Just go slow! Get an idea of things you like, cut out pictures (or tag them online) and figure out what keeps coming up over and over. Draw your potential garden on a piece of paper. Much easier to move plants that way. ;)
dareu2beme
Jul. 25th, 2012 09:09 pm (UTC)
excellent advice is excellent. I did something similar to that with drawing out what wanted and picking flowers and whatnot, I dunno, though, I might just be dumb, but it is like if I find something online that I like/want to plant, I can't find it in local greenhouses. Which is craycray because I live beside the greenhouse capital of Alberta. I think I would just like some pretty shrubberies that just do their own thing. Our soil is kind of sandy and marshy, we live in a marsh/lake area in the dry prairies... and get all kinds of marsh-type weeds in our gardens. And the ants/... oh my gosh, the ants.
elizardbits
Jul. 25th, 2012 09:10 pm (UTC)
Bamboo grows so fast and so wildly that they are able to grow all the necessary bamboo (about 30lbs/day) to feed every panda at the Wolong Panda Reserve (~150 bearses) right there on the open-to-the-public section of the grounds. It is pretty rad. IF YOU ARE A PANDA.
stoney321
Jul. 25th, 2012 09:18 pm (UTC)
YES YES EXACTLY. Pandas are all, "No! DO go ahead and line the walk with bamboo!" *pats tummy*

Bamboo is kick ass. Just not when it takes over suburbia. Actually...that would solve many of my problems with the neighbors.
caoil
Jul. 27th, 2012 01:54 am (UTC)
I think I might need a panda. Someone at some point in this house's life planted what was probably a small patch, and now it is ZOMG EVERYWHERE. Even Roundup doesn't kill it (I hate that stuff, I hate supporting Monsanto with any dollars, but I had to try). UGH. Between that and the horsetails and the blackberry tendrils everywhere, sometimes I just want to drop Agent Orange out there.

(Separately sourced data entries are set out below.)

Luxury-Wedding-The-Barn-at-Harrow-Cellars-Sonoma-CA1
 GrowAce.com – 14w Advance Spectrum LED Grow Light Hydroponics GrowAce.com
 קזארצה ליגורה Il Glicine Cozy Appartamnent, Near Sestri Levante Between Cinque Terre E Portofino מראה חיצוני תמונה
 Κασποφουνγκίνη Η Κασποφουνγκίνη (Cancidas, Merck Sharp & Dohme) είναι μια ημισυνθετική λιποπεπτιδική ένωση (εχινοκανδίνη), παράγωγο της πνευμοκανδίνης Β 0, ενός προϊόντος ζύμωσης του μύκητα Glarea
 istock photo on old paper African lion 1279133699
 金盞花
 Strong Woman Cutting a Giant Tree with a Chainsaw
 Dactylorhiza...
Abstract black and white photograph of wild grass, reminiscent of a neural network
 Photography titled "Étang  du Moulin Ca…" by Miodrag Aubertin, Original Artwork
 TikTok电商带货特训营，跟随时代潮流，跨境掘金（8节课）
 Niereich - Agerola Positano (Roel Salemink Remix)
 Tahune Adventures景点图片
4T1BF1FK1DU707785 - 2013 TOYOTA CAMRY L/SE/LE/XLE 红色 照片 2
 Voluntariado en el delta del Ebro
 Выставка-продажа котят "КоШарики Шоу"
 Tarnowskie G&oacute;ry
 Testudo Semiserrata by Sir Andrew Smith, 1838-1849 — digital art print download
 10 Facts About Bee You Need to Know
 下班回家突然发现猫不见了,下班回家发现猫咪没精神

TAKE STONEY SERIOUSLY - BAMBOO IS TEH EVIL, DO NOT PLANT IT. Unless you have a panda to keep it controlled.
stoney321
Jul. 27th, 2012 03:13 am (UTC)
Let me love you for hating Mansanto.

LOOK FOR: MSMA on the ingredient list of "weed/grass" killer. Those products work like this: MSMA kills parallel veins (like in grass, irises, day lilies) and 24D kills broad leaf circulatory systems (dandelions, pokeweed, TREES) It doesn't matter the product, that's simply how they work, period. So what you want to find is the cheapest thing with the highest amount of MSMA in it. (Home Depot has some good stuff, and they're cheaper than Lowes by a few dimes.)

You can:
1) spray the Bermuda with that chemical (and know that any grass nearby will die) and rid of it
or
2) grab a pitchfork and manually dig out the roots. That mean you're digging a good 12 - 18" deep to get it all, but if you do, it ain't coming back. (Coincidentally, you have to do the same for Bermuda.)

Oy, is that a lot of work. Believe me, I know. I've been getting rid of Bermuda on a 1/3 acre for two years, now. The only solution I've found it physical removal. :(

<3 (Good luck! Let me know what you end up doing and how it works!)
stoney321
Jul. 27th, 2012 03:14 am (UTC)
OOH. Or rent a tiller from HD for $60 bucks for the day and chomp it up, discarding all that gets tossed to the top. :(
strtmyorange
Jul. 25th, 2012 09:52 pm (UTC)
So helpful. Thank you! Thank you! Will have to move my Mediterranean plants to light-colored pots next year. I never put the idea of the plant's original landscape together with its ideal container. Being a container "gardener" (using the term very loosely), I just plop them in what I have available and hope for the best, with fingers crossed.
stoney321
Jul. 25th, 2012 10:04 pm (UTC)
The nice thing about containers is they'll generate some heat, too. (Make sure your pots are glazed. Unglazed terra cotta loses moisture far more rapidly than glazed.)